Re: io_uring failure on parisc with VIPT caches

public inbox for [email protected]
 help / color / mirror / Atom feed

From: Helge Deller <[email protected]>
To: Jens Axboe <[email protected]>,
	John David Anglin <[email protected]>,
	[email protected], [email protected],
	James Bottomley <[email protected]>
Subject: Re: io_uring failure on parisc with VIPT caches
Date: Wed, 15 Feb 2023 16:52:06 +0100	[thread overview]
Message-ID: <[email protected]> (raw)
In-Reply-To: <[email protected]>

On 2/15/23 16:16, Jens Axboe wrote:
> On 2/14/23 7:12?PM, John David Anglin wrote:
>> On 2023-02-14 6:29 p.m., Jens Axboe wrote:
>>> On 2/14/23 4:09?PM, Helge Deller wrote:
>>>> * John David Anglin<[email protected]>:
>>>>> On 2023-02-13 5:05 p.m., Helge Deller wrote:
>>>>>> On 2/13/23 22:05, Jens Axboe wrote:
>>>>>>> On 2/13/23 1:59?PM, Helge Deller wrote:
>>>>>>>>> Yep sounds like it. What's the caching architecture of parisc?
>>>>>>>> parisc is Virtually Indexed, Physically Tagged (VIPT).
>>>>>>> That's what I assumed, so virtual aliasing is what we're dealing with
>>>>>>> here.
>>>>>>>
>>>>>>>> Thanks for the patch!
>>>>>>>> Sadly it doesn't fix the problem, as the kernel still sees
>>>>>>>> ctx->rings->sq.tail as being 0.
>>>>>>>> Interestingly it worked once (not reproduceable) directly after bootup,
>>>>>>>> which indicates that we at least look at the right address from kernel side.
>>>>>>>>
>>>>>>>> So, still needs more debugging/testing.
>>>>>>> It's not like this is untested stuff, so yeah it'll generally be
>>>>>>> correct, it just seems that parisc is a bit odd in that the virtual
>>>>>>> aliasing occurs between the kernel and userspace addresses too.

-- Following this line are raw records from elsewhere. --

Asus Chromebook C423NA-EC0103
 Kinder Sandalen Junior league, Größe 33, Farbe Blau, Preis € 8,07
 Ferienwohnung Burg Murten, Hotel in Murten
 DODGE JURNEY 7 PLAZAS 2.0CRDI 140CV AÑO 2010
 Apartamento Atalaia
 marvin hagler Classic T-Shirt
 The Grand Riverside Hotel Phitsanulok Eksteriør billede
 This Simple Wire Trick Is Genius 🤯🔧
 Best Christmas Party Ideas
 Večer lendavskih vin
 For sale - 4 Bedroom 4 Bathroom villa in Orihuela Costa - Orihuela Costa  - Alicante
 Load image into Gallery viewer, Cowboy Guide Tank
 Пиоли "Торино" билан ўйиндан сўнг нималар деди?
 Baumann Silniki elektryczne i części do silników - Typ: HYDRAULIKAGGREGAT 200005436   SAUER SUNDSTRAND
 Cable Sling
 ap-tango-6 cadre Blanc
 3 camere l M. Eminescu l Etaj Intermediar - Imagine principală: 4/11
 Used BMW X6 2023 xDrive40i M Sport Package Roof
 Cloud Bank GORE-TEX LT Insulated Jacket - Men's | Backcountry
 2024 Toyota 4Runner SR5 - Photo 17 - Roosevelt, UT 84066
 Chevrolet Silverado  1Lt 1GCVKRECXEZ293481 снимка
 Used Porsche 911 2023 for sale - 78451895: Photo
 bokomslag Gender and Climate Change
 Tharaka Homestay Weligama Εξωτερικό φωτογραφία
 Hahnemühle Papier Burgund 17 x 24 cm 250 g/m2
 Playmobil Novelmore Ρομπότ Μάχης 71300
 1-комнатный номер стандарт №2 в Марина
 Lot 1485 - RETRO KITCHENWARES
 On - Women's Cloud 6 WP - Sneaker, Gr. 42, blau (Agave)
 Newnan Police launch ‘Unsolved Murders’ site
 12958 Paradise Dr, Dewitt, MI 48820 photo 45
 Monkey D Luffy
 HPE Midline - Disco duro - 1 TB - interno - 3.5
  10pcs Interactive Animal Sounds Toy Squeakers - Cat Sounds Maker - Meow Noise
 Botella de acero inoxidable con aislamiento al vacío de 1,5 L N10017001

At least
>>>>>>> that's what it seems like.
>>>>>> True.
>>>>>>
>>>>>>> But I wonder if what needs flushing is the user side, not the kernel
>>>>>>> side? Either that, or my patch is not flushing the right thing on the
>>>>>>> kernel side.
>>>> The patch below seems to fix the issue.
>>>>
>>>> I've successfuly tested it with the io_uring-test testcase on
>>>> physical parisc machines with 32- and 64-bit 6.1.11 kernels.
>>>>
>>>> The idea is similiar on how a file is mmapped shared by two
>>>> userspace processes by keeping the lower bits of the virtual address
>>>> the same.
>>>>
>>>> Cache flushes from userspace don't seem to be needed.
>>> Are they from the kernel side, if the lower bits mean we end up
>>> with the same coloring? Because I think this is a bit of a big
>>> hammer, in terms of overhead for flushing. As an example, on arm64
>>> that is perfectly fine with the existing code, it's about a 20-25%
>>> performance hit.
>>
>> The io_uring-test testcase still works on rp3440 with the kernel
>> flushes removed.
>
> That's what I suspected, the important bit here is just aligning it for
> identical coloring. Can you confirm if the below works for you? Had to
> fiddle it a bit to get it to work without coloring.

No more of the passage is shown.